Л. Н. вспомнил афоризм Лихтенберга, смысл которого тот, что человечество окончательно погибнет, когда не останется больше ни одного варвара.

Л. Н. прибавил:

— Я думал прежде об японцах, но они уже усвоили с успехом все отрицательные черты нашей культуры. Теперь вся надежда на кафров.

Л. Н. сказал:

— Я не помню при всех прежних войнах того удрученного, гнетущего настроения, которое чувствуется теперь в России. Я думаю, это хороший признак — указание на то, что сознание зла, ненужности, нелепости войны все более проникает в общественное сознание; так что, может быть, близко то время, когда войны станут невозможны — никто не станет воевать. Вот Лизанька (Е. В.Оболенская) рассказывает — она всегда подметит хорошее, — взяли мужика на войну, кажется дворника, и он, отправляясь, снял с себя крест. Вот истинно христианское отношение! Хотя он и не имеет силы противостоять общему движению и повинуется, но все?таки ясно сознает, что это дело не Божье.

Л. Н. вспомнил с ужасом рассказ о священнике, который с крестом в руках шел впереди солдат.

25 июня. Недели три тому назад у Л. Н. были какие?то барышни, кажется фельдшерицы, едущие на войну. Они были чрезвычайно воодушевлены мыслью о том, что едут помогать страждущим.

Л. Н. говорит, что ему было больно разочаровывать их, но все?таки он им сказал:

— Разумеется, хорошее дело помогать тем, кто страдает, но зачем для этого ездить на Дальний Восток, когда здесь в народе так много страданья, о котором никто не говорит и на помощь которому никто не приходит? А там люди страдают, сойдясь убивать и мучить друг друга.

Только что девицы эти ушли, пришла какая?то баба из ближней (не помню какой) деревни, больная, несчастная, — целое собрание всяких бед. Л. Н. побежал догонять фельдшериц и указал им на этот живой пример, иллюстрирующий его слова.

Рассказывая это, Л. Н. вспомнил, как Мария Александровна Шмидт жила около Серпухова.

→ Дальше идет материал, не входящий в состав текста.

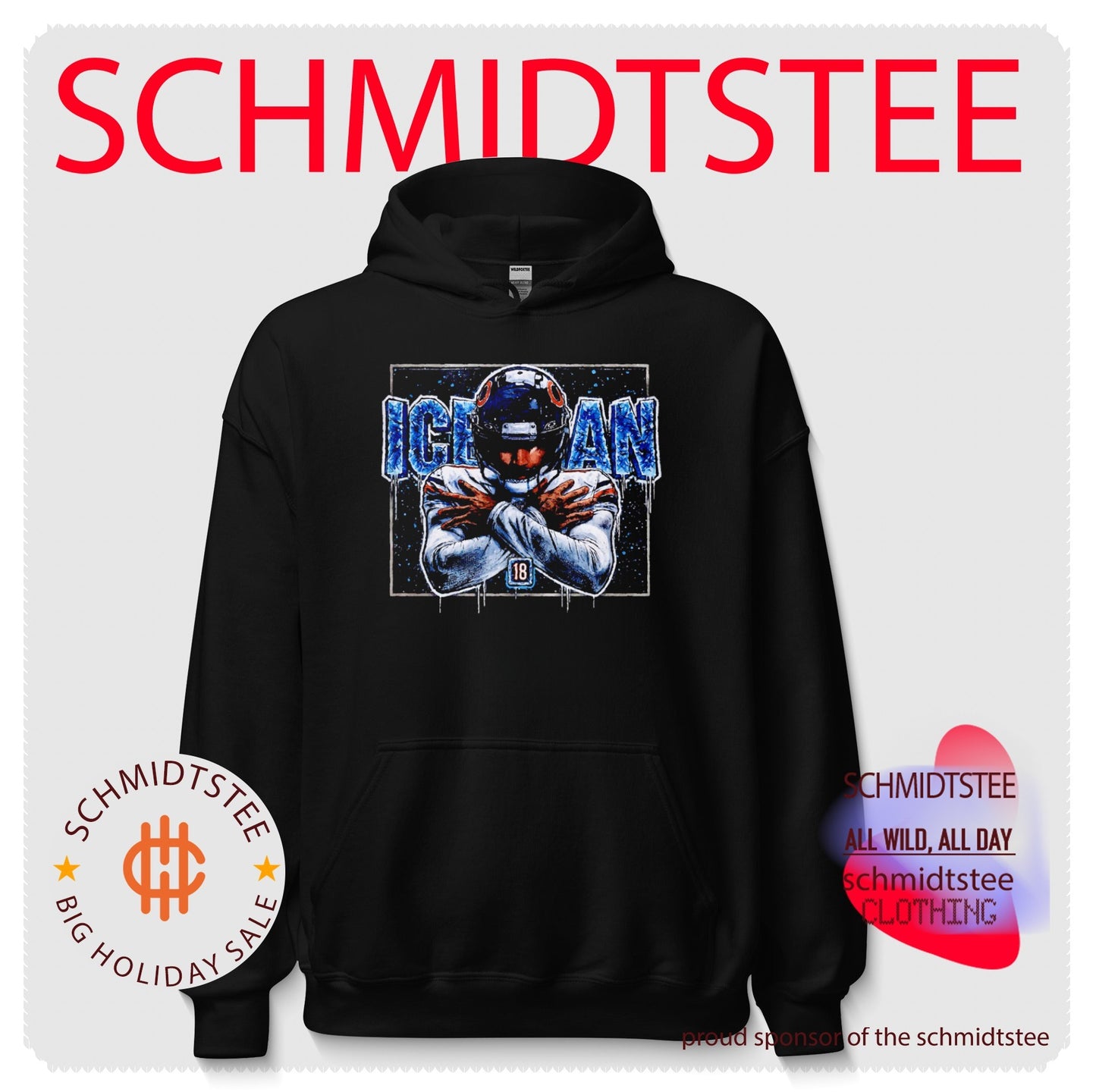 Caleb Williams Chicago Bears IceMan paint shirt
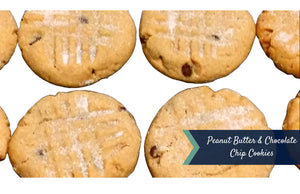 Peanut Butter & Chocolate Chip Cookies 12 count Sweetz Bkry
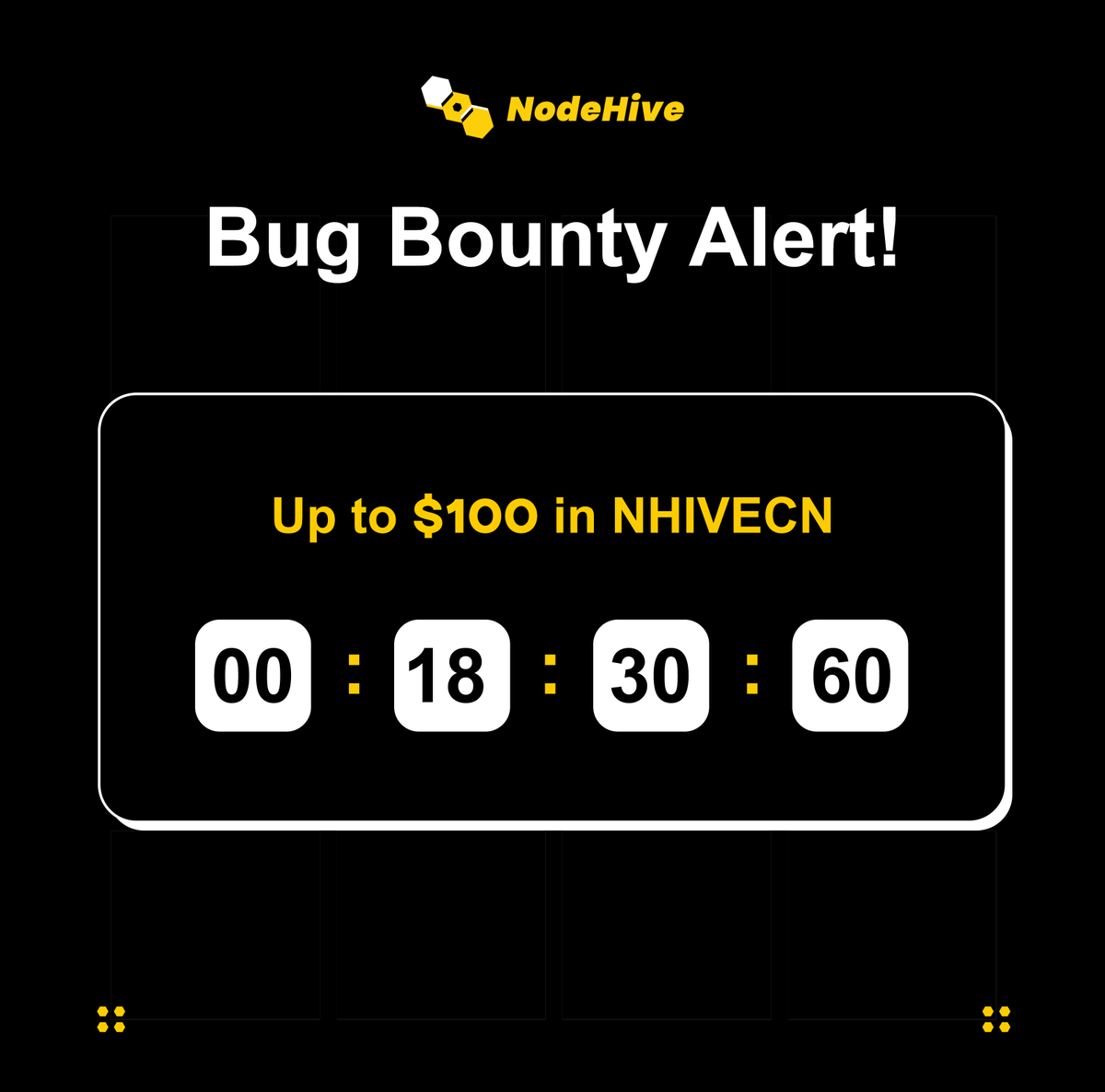 NodeHive_X's tweet photo. 💡 Mini bounty alert!
💬 Spot a bug in our new Plugin Task Market?
🛠️ Submit a report
💰 Get up to $100 in NHIVE
Be the eyes of the edge.

#NodeHive #BugBounty #InfraAudit #DePINSecure https://t.co/vmfD3dkZTD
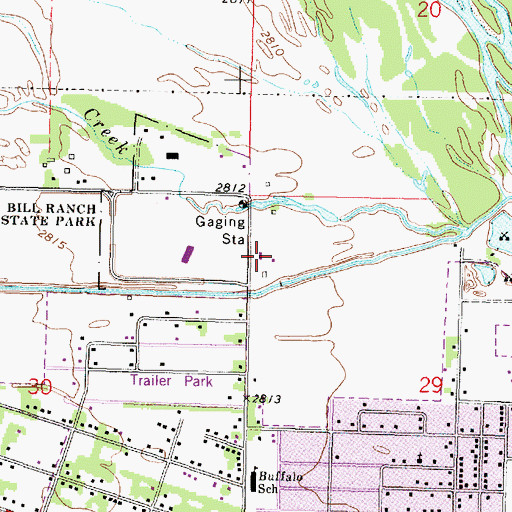 Topographic Map of Lincoln County Historical Society Western Heritage Museum, NE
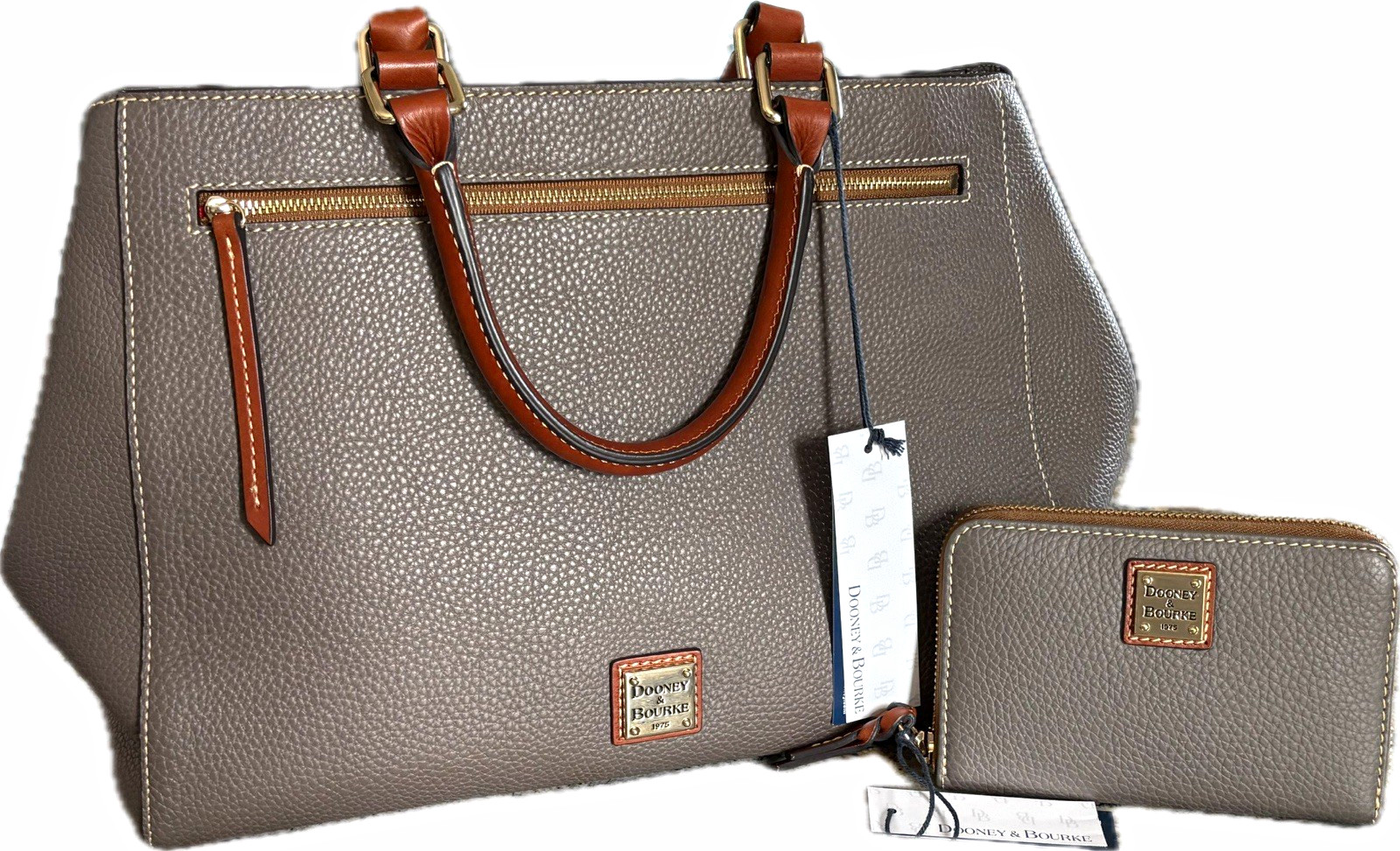 Dooney & Bourke Zip Satchel + Wallet interior organizer included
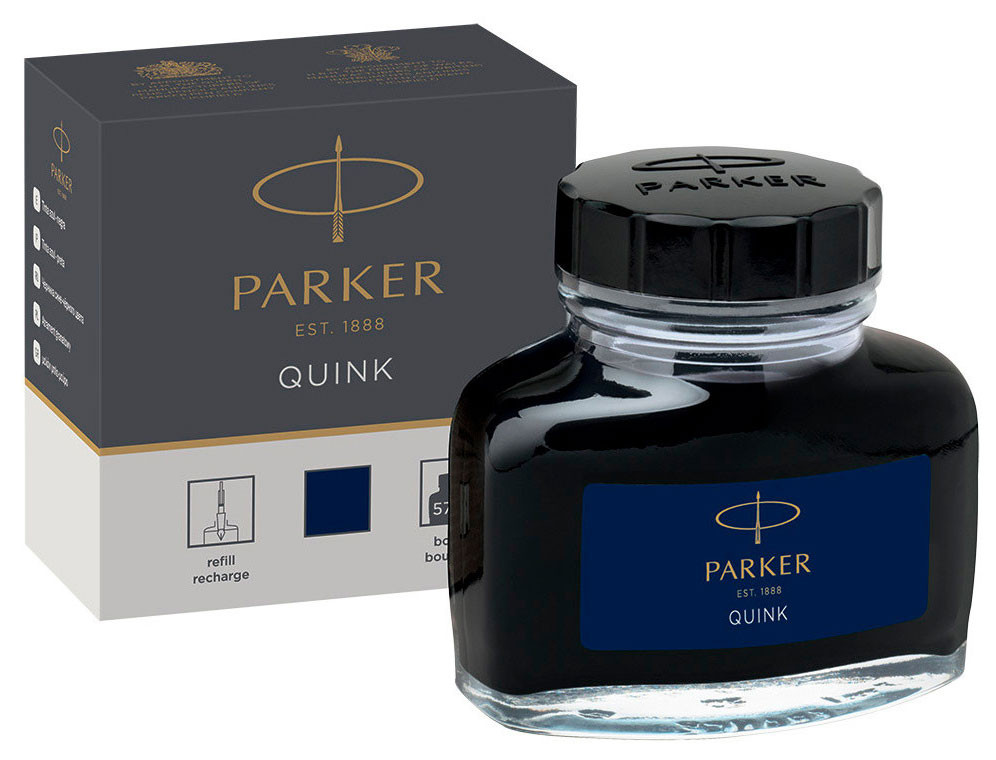 Флакон с чернилами для перьевой ручки Parker Z13 темно-синий, артикул 1950378. Фото 1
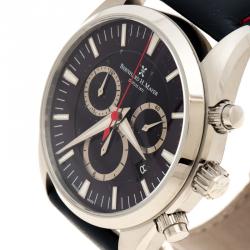 Pre Owned Bernhard H. Mayer Blue Stainless Steel Ascent Chronograph BH06/CW Men's Wristwatch 44 mm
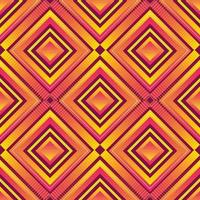 Vector pattern of squares. Geometric pattern in orange-red colors, seamless vector background. For fashionable textiles, fabrics, backgrounds.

— Это было ее лучшее время, — сказал Л.H., — мы с Колечкой Ге — твоим отцом (Л. Н. обернулся к П. Н. Ге, бывшей в комнате) шли из Москвы пешком в Ясную Поляну и зашли к ней. Она жила совсем одна. Там мужики все уходят из дому на заработки, а дома работают бабы. Все они, измученные непосильной работой, — грубые, несчастные, многие пьют, как мужики; дети без призору, грязные, умирают… И вот Мария Александровна вся отдалась помощи этим несчастным. Когда у тех, где она жила, нечем было внести подати, и хотели продать корову, и стоял плач, она собрала последние оставшиеся у нее ценные вещи — какую?то брошку и браслет, продала все это рублей за пятьдесят — шестьдесят и справила им подати.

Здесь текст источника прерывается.